Revogação de mandatos pelo povo ganha reforço no Senado

Proposta apresentada em 2003 e desarquivada nesta legislatura acrescenta à Constituição de 1988 o veto popular e o direito de revogação. Políticos poderiam ser cassados a partir de dois anos após a posse

As proposições que dão ao povo o poder de revogar mandatos eletivos ganharam mais um reforço no Congresso. Além da proposta de emenda à Constituição (PEC) 8/2015, de autoria do senador Reguffe (PDT-DF), que permite ao cidadão acionar a Justiça Eleitoral para cassar quem descumprir compromissos de campanha, está à espera de relator na Comissão de Constituição e Justiça (CCJ) do Senado outra PEC, do senador Antonio Carlos Valadares (PSB-SE), com propósitos semelhantes. Distribuída à CCJ em 10 de março, a PEC 21/2015 acrescenta ao artigo 14 da Constituição “dois novos institutos da democracia participativa”: o veto popular e o direito de revogação.

A matéria permite que, transcorridos dois anos a partir da data da posse nos respectivos cargos do Executivo e do Legislativo, o presidente da República e os membros do Congresso poderão ter seus mandatos revogados pelo cidadão comum. Além disso, a proposição permite que a sociedade, por meio do veto popular, impeça que prosperem projetos de lei já aprovados e em vias de virar lei.

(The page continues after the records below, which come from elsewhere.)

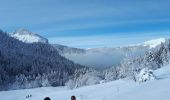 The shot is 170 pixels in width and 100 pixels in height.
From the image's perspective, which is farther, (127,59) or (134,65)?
(127,59)

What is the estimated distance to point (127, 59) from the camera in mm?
72125

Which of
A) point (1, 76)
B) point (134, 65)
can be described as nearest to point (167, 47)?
point (134, 65)

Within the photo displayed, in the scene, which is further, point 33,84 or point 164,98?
point 33,84

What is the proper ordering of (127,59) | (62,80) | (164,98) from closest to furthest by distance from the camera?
(164,98) < (127,59) < (62,80)

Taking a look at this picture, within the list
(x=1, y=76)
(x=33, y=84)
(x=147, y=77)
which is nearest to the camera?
(x=147, y=77)

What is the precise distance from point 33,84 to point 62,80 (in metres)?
21.4

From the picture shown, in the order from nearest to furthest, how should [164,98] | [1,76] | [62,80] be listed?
[164,98] → [62,80] → [1,76]

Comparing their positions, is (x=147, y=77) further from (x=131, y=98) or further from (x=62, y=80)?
(x=62, y=80)

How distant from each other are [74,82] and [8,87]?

A iniciativa pode ser comparada ao que determina o Código de Defesa do Consumidor, que dá ao comprador de um produto defeituoso o direito de trocá-lo por outro em condições ideais de uso. Trata-se do instituto chamado recall, já aplicado em países como Estados Unidos e Bolívia. Na PEC de Valadares, presidente da República, governador, prefeito, senador, deputados (federais, estaduais ou distritais) e vereador ficam submetidos ao crivo da população após terem sido eleitos.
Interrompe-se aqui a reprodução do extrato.